One of the primary concerns that clients have in divorce is privacy. One of the main reasons that couples opt for collaborative divorce or mediation, for instance, is to avoid the public show that a litigated divorce can bring.
But regardless of how a couple gets divorced, there’s still a public aspect to it. Because a divorce decree is a signed legal document, approved by a judge and filed in court, it’s part of the public record in the county where it’s filed. It’s only in rare instances where a divorce decree would be sealed.
So, theoretically, anyone who wanted to comb through the court records could find your decree, and be privy to sensitive information about the size of your marital estate and other financial details.
There is a mechanism that exists in the Texas Family Code, however, that allows couples to keep the details of their divorce private while adhering to the law. It’s covered in Section 7.006 of the Texas Family Code, and it’s called an Agreement Incident to Divorce.
Essentially, when a couple draws this up, it confirms all the splits of property, assets and liabilities. The judge can review it, see that it meets his or her standards for fairness, and then sign off on what’s been agreed. But the agreement itself is just referred to in the decree – it’s not on file as a public record, so that if there are significant assets or significant debts, or anything else that the couple doesn’t want in the public record, then the whole world doesn’t have the right to know that.

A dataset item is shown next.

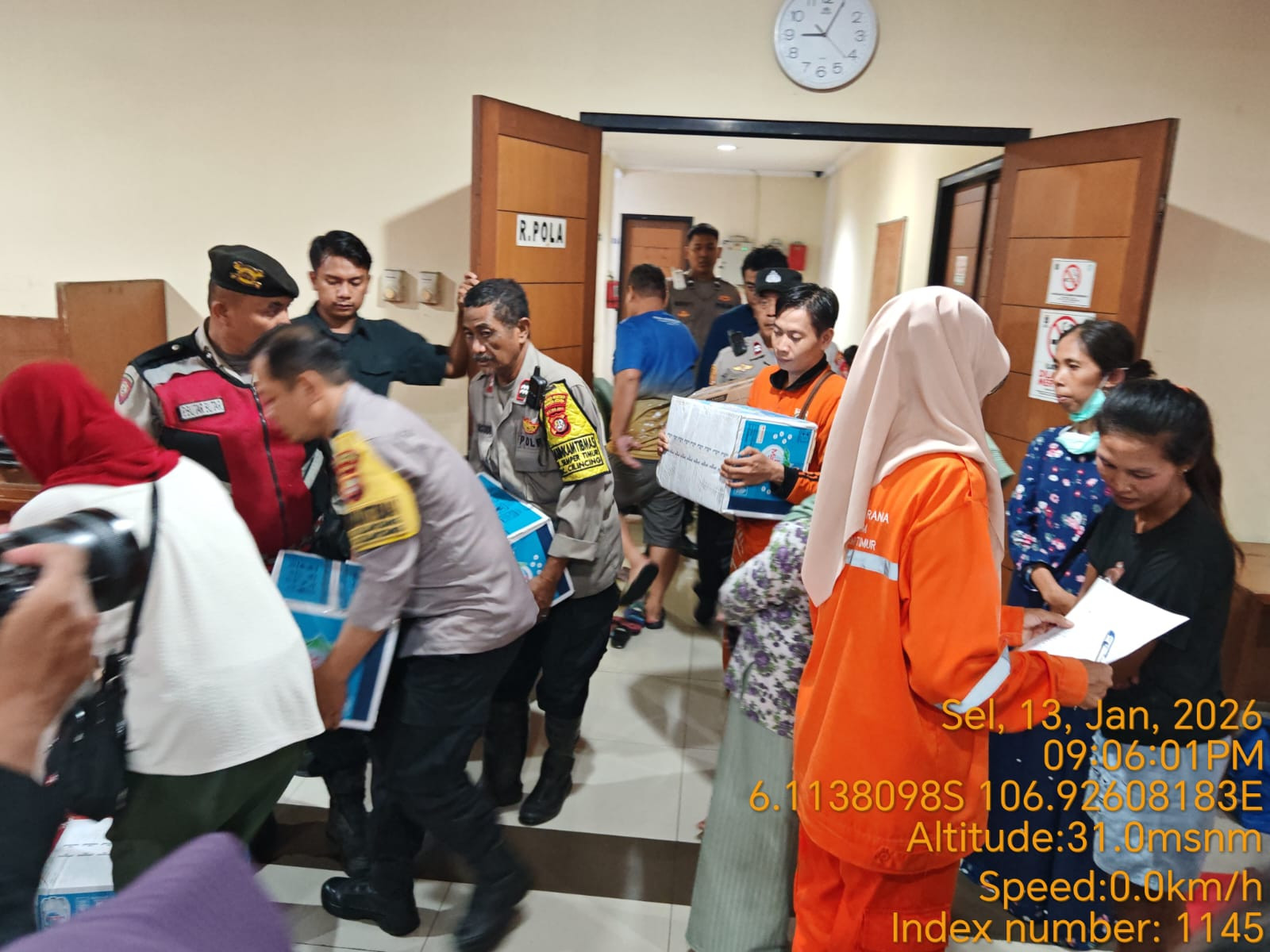 Polda Metro Jaya Salurkan Bantuan untuk Korban Banjir di Semper Timur, Jakarta Utara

The specific language is as follows:
(a) To promote amicable settlement of disputes in a suit for divorce or annulment, the spouses may enter into a written agreement concerning the division of the property and the liabilities of the spouses and maintenance of either spouse. The agreement may be revised or repudiated before rendition of the divorce or annulment unless the agreement is binding under another rule of law.

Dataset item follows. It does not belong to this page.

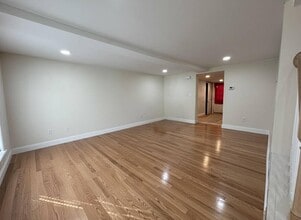 207 Wheeler St in Methuen, MA - Foto de edificio - Building Photo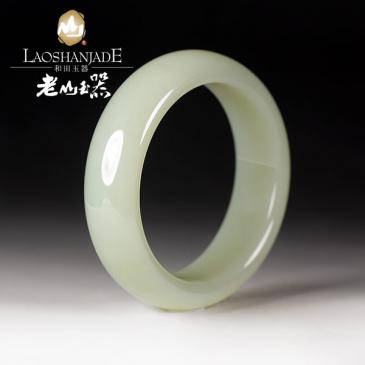 和田玉青白玉手鐲扁圓環形美觀細膩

(b) If the court finds that the terms of the written agreement in a divorce or annulment are just and right, those terms are binding on the court. If the court approves the agreement, the court may set forth the agreement in full or incorporate the agreement by reference in the final decree.

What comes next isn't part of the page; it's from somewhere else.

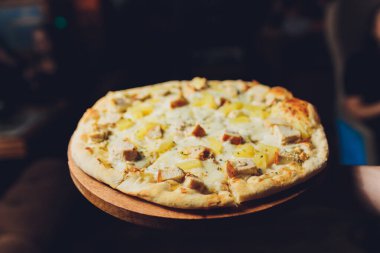 Tavuk göğsü, ananas ve Mozzarella peynirli pizza..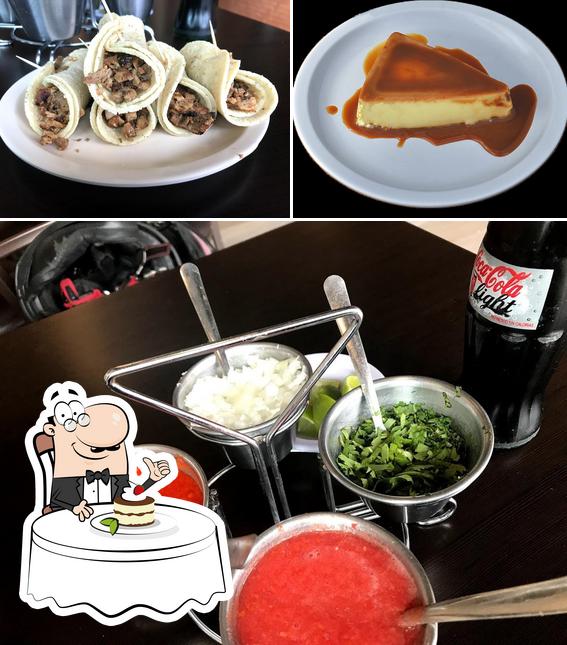 Tacos al Pastor Fonseca restaurant, Zapopan, Av. Bosques de San Isidro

(c) If the court finds that the terms of the written agreement in a divorce or annulment are not just and right, the court may request the spouses to submit a revised agreement or may set the case for a contested hearing.
The third part of that is important, emphasizing that it still has to meet the judge’s standards to move forward – and, if the couple can’t come to an agreement that does that, then it might indeed need to be heard publicly in order to be resolved. For those parties who want to retain their privacy, there’s an incentive provided with the Agreement Incident to Divorce to make sure it works for both people in a given divorce.
While it’s not something that our clients typically request, it is something that we can definitely offer and make available, particularly for those clients who come to us with privacy concerns or situations that would make privacy of paramount importance. At the Law Office of Lisa A. Vance, we want the solution that works best for you and your children, and if privacy is part of that solution, we’re happy that the Texas Family Code gives us an option to better secure that.